2. The speaker system of claim 1 wherein the sound from the upward firing speakers is projected in a sound pattern directed 90 degrees up from the top surface of the portable computing device when a lid of the portable computing device is opened 90 degrees or more from the top surface, and wherein the upward firing speakers are placed in a position of the upper surface proximate a display screen of the portable computing device when the display screen is deployed for viewing by the user to improve reproduction of height cues in the height audio signals.
3. The speaker system of claim 1 wherein the array of drivers comprises one of: a pair of stereo drivers or a set of four equidistantly spaced drivers, and wherein the set of downward-firing speakers comprises a low frequency effect (LFE) driver, and further wherein the array of drivers and set of speakers is configured in a 2.1.2 format with the 0.1 component for the LFE driver and the 0.2 designation for two height channel speakers.

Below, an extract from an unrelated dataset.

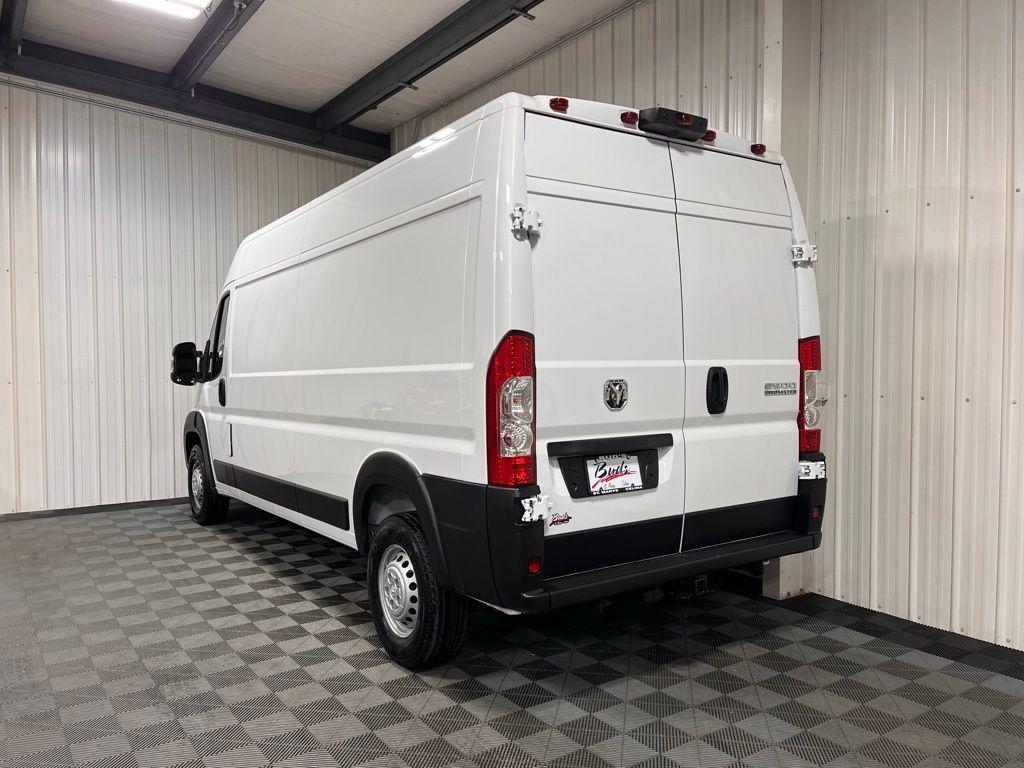 new 2025 Ram ProMaster 2500 car, priced at $54,195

4. The speaker system of claim 1 wherein each driver of the array of drivers comprises a transducer of approximately 15 mm to 20 mm in diameter and 4 mm to 6 mm thickness placed into an enclosure of approximately 3 cc to 4 cc in volume.
5. The speaker system of claim 1 wherein the threshold frequency is 2 kHz.
6. The speaker system of claim 1 wherein the portable computing device is a device selected from the group consisting of: laptop computer, tablet computer, game console, smart phone, and portable audio playback device.
7. The system of claim 1, further comprising a device post-processing block including the device processing block and integrated as an Endpoint Effect Audio Processing Object (EFX APO) to regulate the upward-firing speakers and downward-firing speakers through at least one of audio equalization, filtering, and high pass/low pass functions.
8. The system of claim 7 wherein the immersive audio content comprises audio content encoded in Dolby Digital Plus/Joint Object Coding (DD+/JOC) format.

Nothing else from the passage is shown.